Concursado em um órgão estadual, João, 24 anos, conta já ter passado por dezenas de situações desconfortáveis por causa de sua orientação sexual, mas por duas vezes foi ameaçado com agressão física. No primeiro incidente, foi intimidado por um grupo de homens na frente de casa. Ele não prestou queixa. Na segunda vez, no caso descrito acima, decidiu ir a uma delegacia. Mas o caso foi registrado no boletim de ocorrência como "agressão", sem menção à situação de homofobia. Nos dois casos, ficou o sentimento de impotência.

O registro da motivação homofóbica no BO é apontado como essencial por Toni Reis, diretor do grupo Dignidade, ONG voltada a políticas para o público LGBT (lésbicas, gays, bissexuais, travestis e transexuais). "Com isso é possível mapear onde, como e quando acontecem os crimes com motivação homofóbica", diz. Seria, ainda de acordo com ele, o início do entendimento da maneira como ocorrem esses crimes e de formulação de ações para evitá-los.

No Paraná, a Secretaria de Segurança Pública do Paraná (Sesp) implantou o campo motivacional "homofobia" no boletim de ocorrência no segundo semestre do ano passado. Mas, assim como aconteceu no caso de João, boa parte dos policiais ainda não foi treinada para atender ao público homossexual e fazer o registro das queixas dentro da maneira indica. A Sesp alega que, por ser muito recente, ainda não foi possível quantificar os registros policiais ligados a homofobia no estado.

O Paraná é o 11.º estado em número de denúncias de crimes ligados à homofobia do país, aponta um relatório elaborado em 2012 pela Secretaria dos Direitos Humanos do governo federal. Por não haver banco de dados consolidado, o levantamento foi feito a partir de denúncias telefônicas, com 370 violações ligadas ao público LGBT em 2011. "Nós sabemos que o número de agressões é bem maior, mas nunca tivemos um banco de dados consistente para quantificar essas ações", comenta Reis.

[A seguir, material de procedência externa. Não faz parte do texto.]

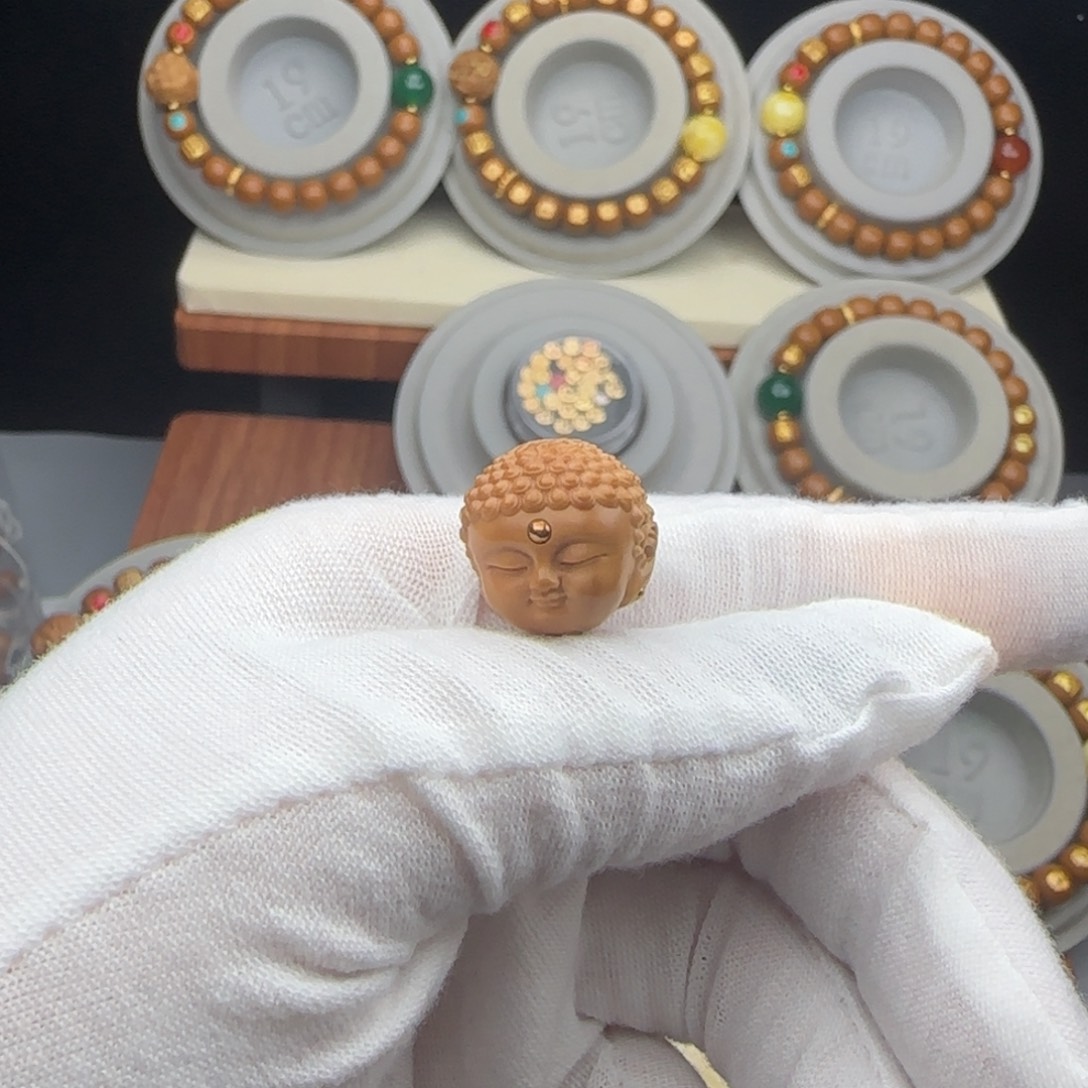 我***哥猴头核桃吊坠全品老型猴头手串配饰不退货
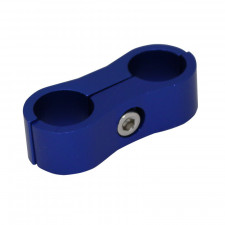 Abzaradera anodizada azul de 2 vías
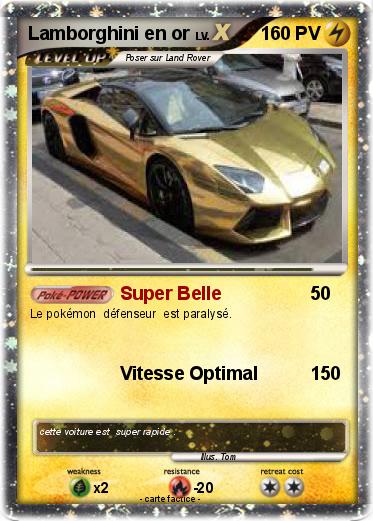 Pokemon Lamborghini en or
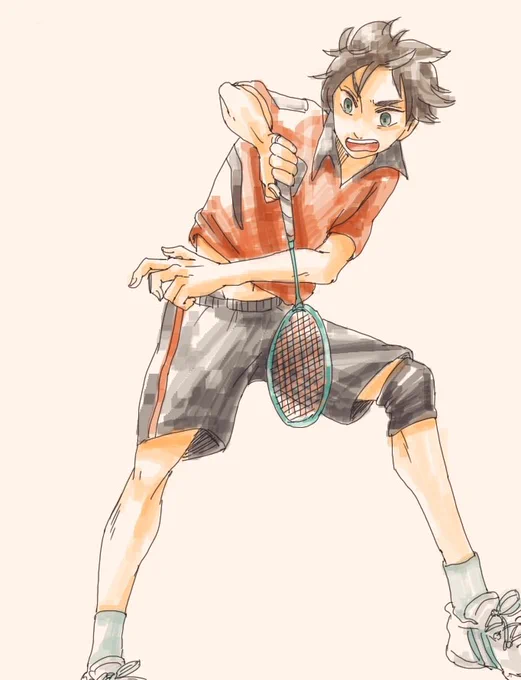 これは昔、部活シリーズで描いたのだけど、オリンピック観ててやはりスポーツは良いなと思って再掲! #進撃の巨人 #ファンアート 
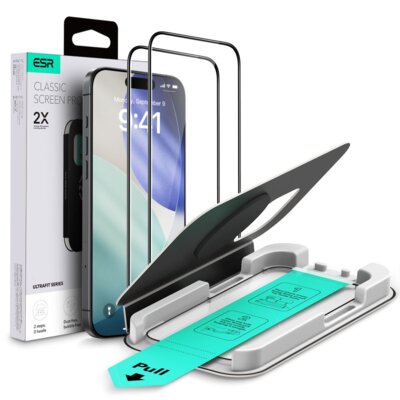 Szkło hartowane ESR UltraFit Tempered Glass do Apple iPhone 16 Pro/17 (2 szt.)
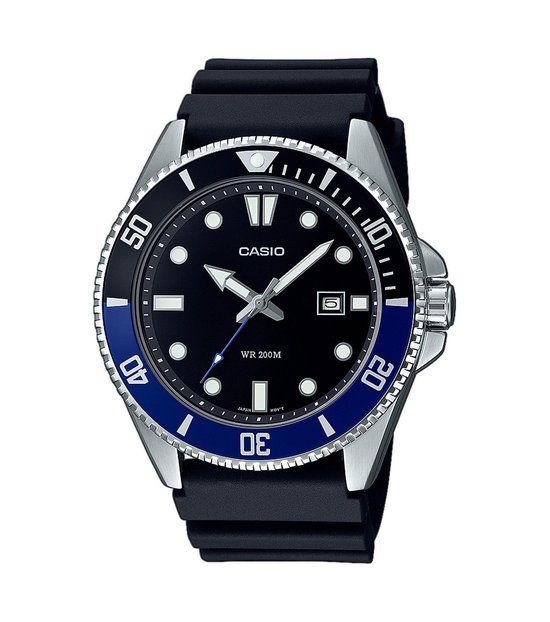 Casio Collection MDV-107-1A2VEF Herenhorloge - Zwart - 44.2 mm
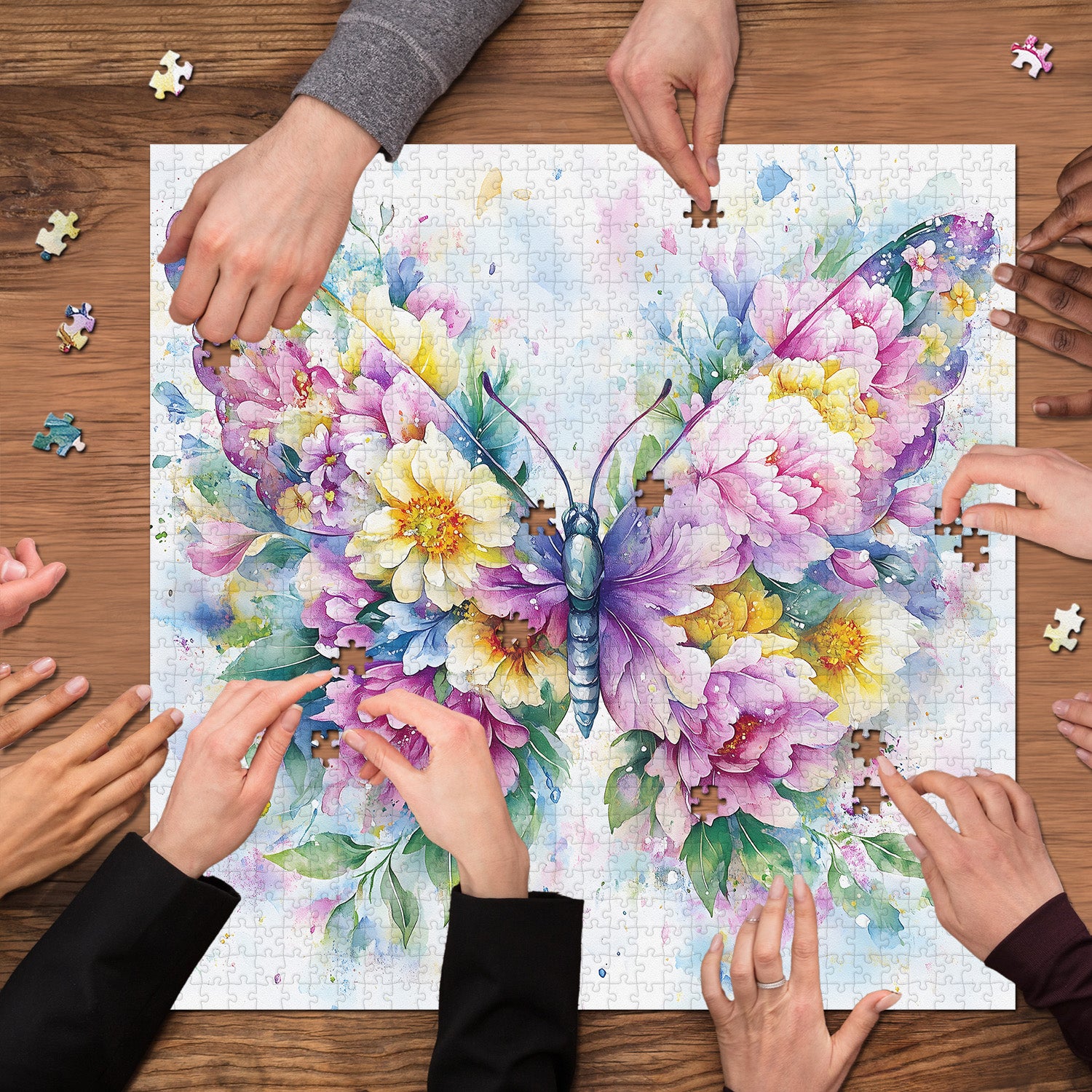 Puzzle ali floreali puzzle 1000 pezzi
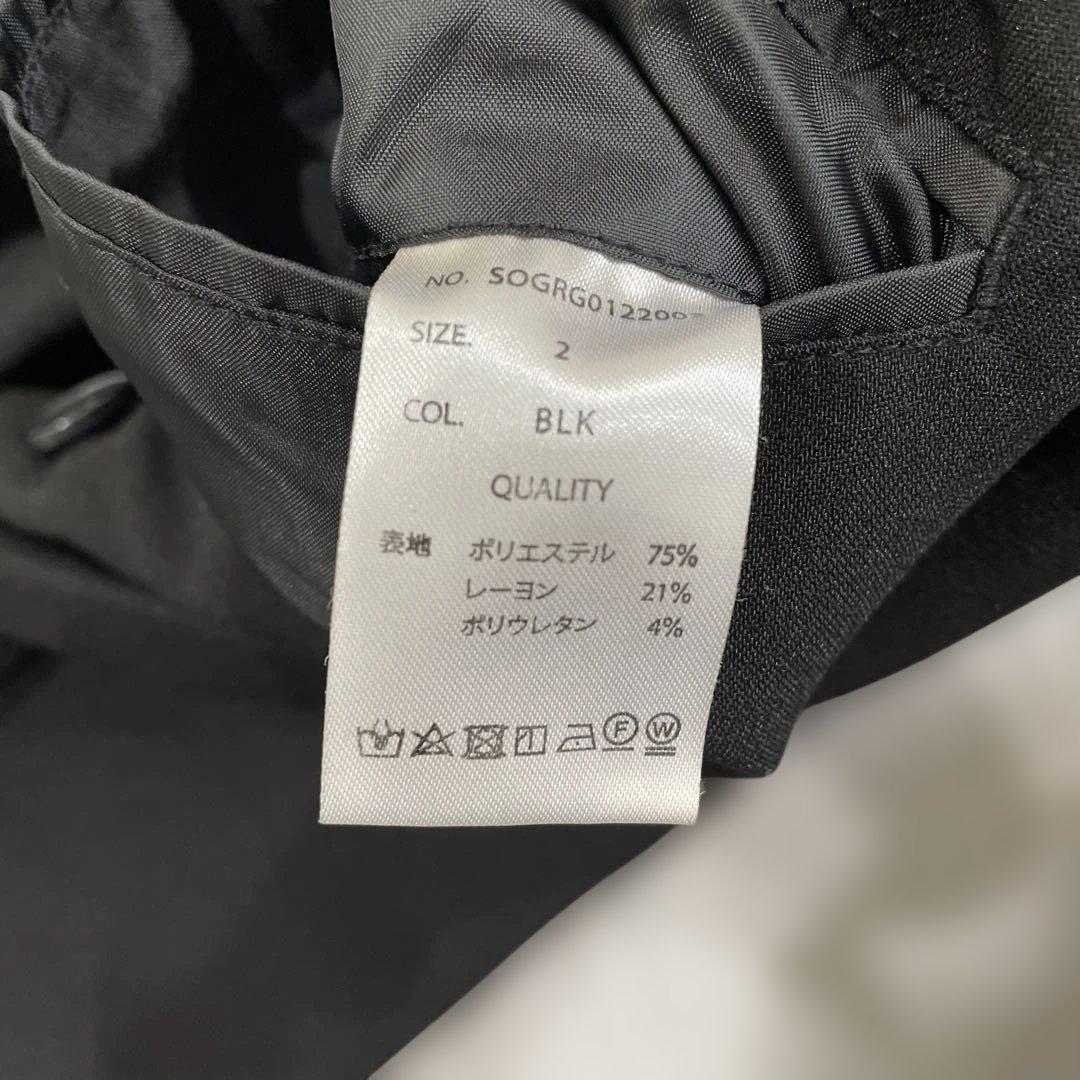 soerte セットアップ　ブラック ダブルテーラードジャケット　スラックス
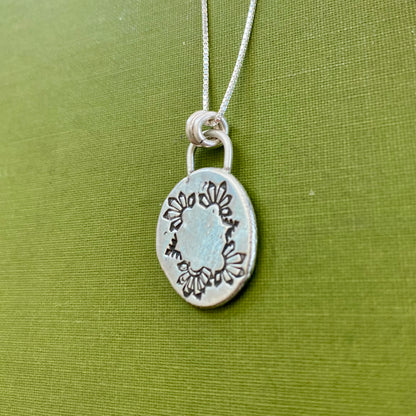 Perfectly Imperfect Stamped Pendant #1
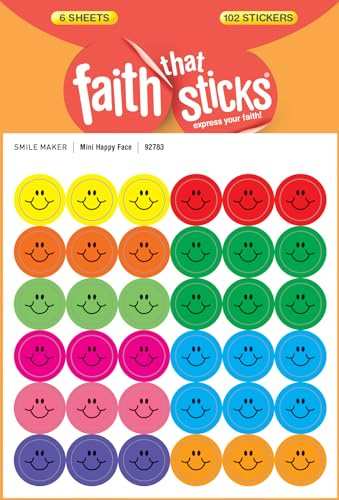 Mini Happy Face (Faith That Sticks)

Segundo ele, organizações LGBT estão trabalhando junto com a Sesp para que seja implantado mais um campo no BO, para discriminar a orientação sexual da pessoa. Dessa maneira, seria possível reunir quaisquer crimes sofridos por homossexuais. Esse ponto, porém, é sensível. O próprio ativista reconhece que muitas pessoas não se declaram homossexuais por medo de sofrer algum tipo de discriminação.

Subnotificação

Mesmo sem englobar a homofobia, crimes discriminatórios ainda são os menos notificados no país, segundo levantamento do Fórum Brasileiro de Segurança Pública do fim de 2013. Apenas 2,1% de todas as pessoas que sofreram algum tipo de lesão por causa da sua cor de pele ou religião procuraram a polícia para registrar queixa. Ofensas sexuais estão em segundo lugar no pé da lista de subnotificações, com 7,5% de todos os casos sendo levados a uma delegacia. Já no topo, o roubo de carro é motivo de notificação em 90% das vezes em que acontece.

A subnotificação desses casos é citado pela secretária da Mulher de Curitiba, Roseli Isidoro, que iniciou em março um grupo de trabalho para formar um banco de dados sobre a violência contra a mulher e contra o público LGBT. "É preciso ter o recorte de gênero nos casos de violência. E isso só vai começar a acontecer agora. Tem que haver essa diferenciação até para a gente saber, por exemplo, quantos transexuais são vítimas de violência dentro de Curitiba. Hoje não temos essa separação", relatou na época da criação do grupo.